Given the exit drought for startups, there are many investors with extremely well-funded, still-private companies in their portfolios. They may come under increasing pressure from LPs no longer satisfied by paper returns. This led to Hunter Walk opining that more early investors will begin to offload their shares in later rounds.
— Hunter Walk (@hunterwalk) October 1, 2015
With this in mind we wanted to consider which VCs could stand to benefit the most by selling shares into later rounds, as Hunter suggests. While the early-stage funds Hunter was talking about could refer to everything from Seed to Series B investments, we specifically focused on Seed bets.

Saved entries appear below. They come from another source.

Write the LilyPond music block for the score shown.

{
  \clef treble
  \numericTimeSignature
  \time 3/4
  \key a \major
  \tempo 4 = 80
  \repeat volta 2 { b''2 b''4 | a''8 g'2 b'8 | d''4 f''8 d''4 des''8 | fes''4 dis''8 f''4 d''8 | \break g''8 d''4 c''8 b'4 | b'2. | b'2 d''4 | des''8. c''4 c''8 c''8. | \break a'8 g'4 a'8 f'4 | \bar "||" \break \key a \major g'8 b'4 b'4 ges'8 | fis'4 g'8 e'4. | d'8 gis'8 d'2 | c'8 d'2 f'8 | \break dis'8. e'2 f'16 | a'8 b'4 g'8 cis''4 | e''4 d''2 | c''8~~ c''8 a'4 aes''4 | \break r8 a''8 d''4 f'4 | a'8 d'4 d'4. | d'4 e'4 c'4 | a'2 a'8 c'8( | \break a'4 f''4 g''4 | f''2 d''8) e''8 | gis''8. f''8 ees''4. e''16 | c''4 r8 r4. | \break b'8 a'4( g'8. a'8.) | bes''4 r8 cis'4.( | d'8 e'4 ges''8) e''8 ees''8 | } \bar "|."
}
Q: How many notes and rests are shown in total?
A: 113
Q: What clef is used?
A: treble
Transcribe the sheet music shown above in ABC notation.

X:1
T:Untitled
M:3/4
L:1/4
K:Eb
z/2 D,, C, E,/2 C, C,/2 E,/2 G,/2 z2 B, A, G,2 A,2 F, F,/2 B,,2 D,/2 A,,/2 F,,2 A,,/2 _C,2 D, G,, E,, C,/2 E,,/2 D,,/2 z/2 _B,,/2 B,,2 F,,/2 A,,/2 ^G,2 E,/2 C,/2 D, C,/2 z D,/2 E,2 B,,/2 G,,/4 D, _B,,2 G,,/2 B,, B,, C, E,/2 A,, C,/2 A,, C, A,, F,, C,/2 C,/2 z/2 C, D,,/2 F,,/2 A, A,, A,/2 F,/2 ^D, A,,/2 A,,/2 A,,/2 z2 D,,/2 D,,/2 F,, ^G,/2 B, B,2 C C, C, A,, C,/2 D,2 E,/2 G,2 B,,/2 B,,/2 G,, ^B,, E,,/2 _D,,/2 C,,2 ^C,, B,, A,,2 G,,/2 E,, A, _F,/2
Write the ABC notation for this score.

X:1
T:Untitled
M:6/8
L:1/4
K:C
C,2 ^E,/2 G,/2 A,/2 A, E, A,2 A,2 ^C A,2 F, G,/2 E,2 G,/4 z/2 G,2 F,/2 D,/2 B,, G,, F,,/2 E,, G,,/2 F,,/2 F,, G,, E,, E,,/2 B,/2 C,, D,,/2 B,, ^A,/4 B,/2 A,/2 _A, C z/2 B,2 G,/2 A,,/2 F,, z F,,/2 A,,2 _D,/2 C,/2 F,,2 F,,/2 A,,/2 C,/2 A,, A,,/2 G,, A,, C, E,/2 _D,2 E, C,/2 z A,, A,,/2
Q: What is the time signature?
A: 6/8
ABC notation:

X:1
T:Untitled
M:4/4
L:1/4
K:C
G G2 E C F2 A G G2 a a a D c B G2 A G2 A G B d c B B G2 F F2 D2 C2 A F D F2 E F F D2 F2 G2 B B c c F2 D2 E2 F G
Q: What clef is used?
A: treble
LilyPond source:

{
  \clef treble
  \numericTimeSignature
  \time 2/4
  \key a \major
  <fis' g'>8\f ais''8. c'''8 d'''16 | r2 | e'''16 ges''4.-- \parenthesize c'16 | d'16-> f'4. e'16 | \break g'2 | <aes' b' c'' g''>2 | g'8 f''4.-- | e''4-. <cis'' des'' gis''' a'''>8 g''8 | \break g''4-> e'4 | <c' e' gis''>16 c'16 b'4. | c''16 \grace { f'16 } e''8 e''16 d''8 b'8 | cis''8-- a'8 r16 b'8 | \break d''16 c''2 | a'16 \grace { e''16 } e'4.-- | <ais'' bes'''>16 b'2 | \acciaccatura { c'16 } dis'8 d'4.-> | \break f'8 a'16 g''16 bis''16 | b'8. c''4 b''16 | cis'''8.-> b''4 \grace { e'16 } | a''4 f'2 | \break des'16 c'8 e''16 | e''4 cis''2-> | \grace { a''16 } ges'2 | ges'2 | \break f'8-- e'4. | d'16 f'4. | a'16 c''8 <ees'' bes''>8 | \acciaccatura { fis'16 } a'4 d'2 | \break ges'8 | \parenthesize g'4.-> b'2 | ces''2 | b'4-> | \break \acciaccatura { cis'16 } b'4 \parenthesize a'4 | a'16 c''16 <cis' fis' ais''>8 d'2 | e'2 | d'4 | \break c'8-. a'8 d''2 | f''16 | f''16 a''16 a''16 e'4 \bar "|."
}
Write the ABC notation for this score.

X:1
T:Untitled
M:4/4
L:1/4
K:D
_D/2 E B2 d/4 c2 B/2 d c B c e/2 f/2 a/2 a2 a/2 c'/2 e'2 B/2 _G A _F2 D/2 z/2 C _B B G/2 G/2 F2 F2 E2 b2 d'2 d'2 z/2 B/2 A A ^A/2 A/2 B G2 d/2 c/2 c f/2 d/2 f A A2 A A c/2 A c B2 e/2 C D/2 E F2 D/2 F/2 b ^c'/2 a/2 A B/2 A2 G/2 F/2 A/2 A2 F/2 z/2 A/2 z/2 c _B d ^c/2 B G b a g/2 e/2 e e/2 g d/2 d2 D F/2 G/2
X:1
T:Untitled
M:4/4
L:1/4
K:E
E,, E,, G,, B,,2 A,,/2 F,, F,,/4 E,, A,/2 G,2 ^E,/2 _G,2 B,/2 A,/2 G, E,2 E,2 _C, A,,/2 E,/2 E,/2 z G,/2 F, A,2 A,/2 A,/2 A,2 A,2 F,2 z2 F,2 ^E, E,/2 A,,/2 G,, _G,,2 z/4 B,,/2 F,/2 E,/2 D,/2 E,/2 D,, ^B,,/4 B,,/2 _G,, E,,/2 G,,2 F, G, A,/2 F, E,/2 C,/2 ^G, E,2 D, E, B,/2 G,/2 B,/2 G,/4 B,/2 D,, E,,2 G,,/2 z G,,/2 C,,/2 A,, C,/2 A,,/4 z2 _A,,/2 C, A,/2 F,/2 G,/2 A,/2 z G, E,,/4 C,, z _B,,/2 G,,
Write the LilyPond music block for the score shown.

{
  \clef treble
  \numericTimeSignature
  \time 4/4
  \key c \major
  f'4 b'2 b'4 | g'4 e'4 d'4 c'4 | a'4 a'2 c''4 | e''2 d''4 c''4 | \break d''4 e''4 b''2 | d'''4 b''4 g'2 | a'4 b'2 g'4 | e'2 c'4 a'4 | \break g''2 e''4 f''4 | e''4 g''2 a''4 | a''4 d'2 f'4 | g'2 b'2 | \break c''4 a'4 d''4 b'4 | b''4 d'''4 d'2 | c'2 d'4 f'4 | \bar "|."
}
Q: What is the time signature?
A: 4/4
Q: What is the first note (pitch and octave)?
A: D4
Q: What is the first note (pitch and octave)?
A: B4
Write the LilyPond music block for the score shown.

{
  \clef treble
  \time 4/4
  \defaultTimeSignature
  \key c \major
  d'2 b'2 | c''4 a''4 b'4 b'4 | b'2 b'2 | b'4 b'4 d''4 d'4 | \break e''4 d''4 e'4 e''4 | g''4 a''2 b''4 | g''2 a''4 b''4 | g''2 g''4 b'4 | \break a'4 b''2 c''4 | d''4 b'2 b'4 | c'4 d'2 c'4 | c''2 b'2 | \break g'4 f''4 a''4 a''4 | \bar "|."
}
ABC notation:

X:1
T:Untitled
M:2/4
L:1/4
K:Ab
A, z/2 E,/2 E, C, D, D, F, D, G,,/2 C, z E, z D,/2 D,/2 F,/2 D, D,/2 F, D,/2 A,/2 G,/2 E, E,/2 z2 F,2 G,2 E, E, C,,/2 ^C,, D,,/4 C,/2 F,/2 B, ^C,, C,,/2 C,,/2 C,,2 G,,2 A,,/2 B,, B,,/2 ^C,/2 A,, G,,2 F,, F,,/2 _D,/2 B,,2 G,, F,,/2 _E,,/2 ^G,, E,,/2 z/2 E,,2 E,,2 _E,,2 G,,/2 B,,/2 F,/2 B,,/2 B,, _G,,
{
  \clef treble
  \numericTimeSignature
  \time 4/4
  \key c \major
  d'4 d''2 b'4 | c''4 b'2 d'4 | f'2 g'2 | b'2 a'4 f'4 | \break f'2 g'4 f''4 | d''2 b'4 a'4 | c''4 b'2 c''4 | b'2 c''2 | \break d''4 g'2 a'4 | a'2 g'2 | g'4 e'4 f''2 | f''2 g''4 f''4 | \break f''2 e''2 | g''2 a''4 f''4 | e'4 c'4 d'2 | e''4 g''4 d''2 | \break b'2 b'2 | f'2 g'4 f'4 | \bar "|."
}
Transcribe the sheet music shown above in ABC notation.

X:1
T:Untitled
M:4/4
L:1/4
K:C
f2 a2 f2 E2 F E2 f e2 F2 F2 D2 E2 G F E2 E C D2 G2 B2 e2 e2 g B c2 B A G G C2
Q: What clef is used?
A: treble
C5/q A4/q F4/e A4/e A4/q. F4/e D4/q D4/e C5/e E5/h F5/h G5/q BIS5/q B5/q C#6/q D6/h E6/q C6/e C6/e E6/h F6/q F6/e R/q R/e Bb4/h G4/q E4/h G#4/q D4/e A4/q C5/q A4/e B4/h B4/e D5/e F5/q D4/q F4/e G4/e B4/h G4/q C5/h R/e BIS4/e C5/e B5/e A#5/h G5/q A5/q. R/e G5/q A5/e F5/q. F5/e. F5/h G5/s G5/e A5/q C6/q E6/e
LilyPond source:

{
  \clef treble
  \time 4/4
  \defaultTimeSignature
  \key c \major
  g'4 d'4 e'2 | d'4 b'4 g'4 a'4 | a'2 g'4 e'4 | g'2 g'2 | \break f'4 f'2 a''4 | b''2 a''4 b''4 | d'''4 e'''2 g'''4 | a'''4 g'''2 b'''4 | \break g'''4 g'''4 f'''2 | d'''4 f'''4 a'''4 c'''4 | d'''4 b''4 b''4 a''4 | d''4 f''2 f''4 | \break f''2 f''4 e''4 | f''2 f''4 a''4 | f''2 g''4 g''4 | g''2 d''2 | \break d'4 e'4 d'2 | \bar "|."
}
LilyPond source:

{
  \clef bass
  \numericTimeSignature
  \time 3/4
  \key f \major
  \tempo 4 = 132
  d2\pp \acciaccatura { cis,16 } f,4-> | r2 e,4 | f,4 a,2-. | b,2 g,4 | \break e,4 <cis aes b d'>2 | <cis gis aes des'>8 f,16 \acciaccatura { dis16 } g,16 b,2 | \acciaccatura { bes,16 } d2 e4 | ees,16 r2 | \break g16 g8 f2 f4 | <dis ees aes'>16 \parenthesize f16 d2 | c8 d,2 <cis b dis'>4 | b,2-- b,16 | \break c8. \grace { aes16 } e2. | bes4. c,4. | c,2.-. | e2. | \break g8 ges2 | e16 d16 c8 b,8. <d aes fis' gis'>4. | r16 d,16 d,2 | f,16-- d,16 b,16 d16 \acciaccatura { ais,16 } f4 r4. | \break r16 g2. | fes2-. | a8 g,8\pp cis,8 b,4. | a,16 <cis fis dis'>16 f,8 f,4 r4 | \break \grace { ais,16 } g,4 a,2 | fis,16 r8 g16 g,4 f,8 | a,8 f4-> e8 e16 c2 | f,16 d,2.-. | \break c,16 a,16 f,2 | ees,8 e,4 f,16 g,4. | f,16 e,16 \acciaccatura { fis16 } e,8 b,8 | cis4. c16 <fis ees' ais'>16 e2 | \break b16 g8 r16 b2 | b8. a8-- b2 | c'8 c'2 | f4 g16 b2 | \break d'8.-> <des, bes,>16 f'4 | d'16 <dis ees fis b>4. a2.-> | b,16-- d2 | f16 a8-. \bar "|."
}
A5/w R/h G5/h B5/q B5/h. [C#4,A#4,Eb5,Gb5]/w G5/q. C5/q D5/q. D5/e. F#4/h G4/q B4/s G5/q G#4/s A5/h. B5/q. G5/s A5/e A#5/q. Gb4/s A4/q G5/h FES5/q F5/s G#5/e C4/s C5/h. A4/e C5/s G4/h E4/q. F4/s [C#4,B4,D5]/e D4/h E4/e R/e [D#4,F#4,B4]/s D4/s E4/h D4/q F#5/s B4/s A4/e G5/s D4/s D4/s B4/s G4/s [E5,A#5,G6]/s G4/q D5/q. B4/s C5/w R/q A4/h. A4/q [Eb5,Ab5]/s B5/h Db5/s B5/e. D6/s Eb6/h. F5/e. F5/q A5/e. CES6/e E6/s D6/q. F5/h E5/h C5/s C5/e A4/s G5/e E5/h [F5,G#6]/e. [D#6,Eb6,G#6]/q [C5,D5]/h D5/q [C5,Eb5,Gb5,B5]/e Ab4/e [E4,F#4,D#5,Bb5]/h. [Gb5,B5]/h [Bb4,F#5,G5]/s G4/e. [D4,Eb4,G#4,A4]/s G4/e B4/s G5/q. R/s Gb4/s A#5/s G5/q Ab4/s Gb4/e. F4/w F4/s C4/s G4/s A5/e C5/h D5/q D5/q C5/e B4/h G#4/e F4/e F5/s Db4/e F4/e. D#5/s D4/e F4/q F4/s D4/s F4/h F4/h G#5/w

So we used CB Insights data to look at individual VCs’ seed-stage bets — private companies in which they invested in at the seed round — and added up how much total funding these companies have gone on to raise in the aggregate. Specifically we looked at all VCs which have made at least 20 Seed investments since 2010, and added up their seed portfolios’ aggregate dollar amount raised in equity financing.
Uber, with its total $7.81B raised, skews the overall ranking, with its Seed-II investors, First Round Capital, Founder Collective, and Lowercase Capital placing in the top 3 with over $8B in total funding to their current seed bets (including Uber).
When we remove Uber from the dataset, things shift significantly. SV Angel, one of the most active early-stage VCs in the world, leads all VCs,with its current seed bets having raised a total of $4.7B, including Pinterest’s $1.32B of total funding. Andreessen Horowitz, a seed investor in Zenefits ($584M total funding), Domo Technologies ($483M), and Stripe ($190M) is second, while First Round Capital still ranks in the top 3 without Uber, with seed investments in Warby Parker ($216M) and AltSchool ($111M), among others.
Funds like SV Angel and First Round Capital that have a breakout winner among their seed investments are in a better position to sell into later rounds, should they choose to do so.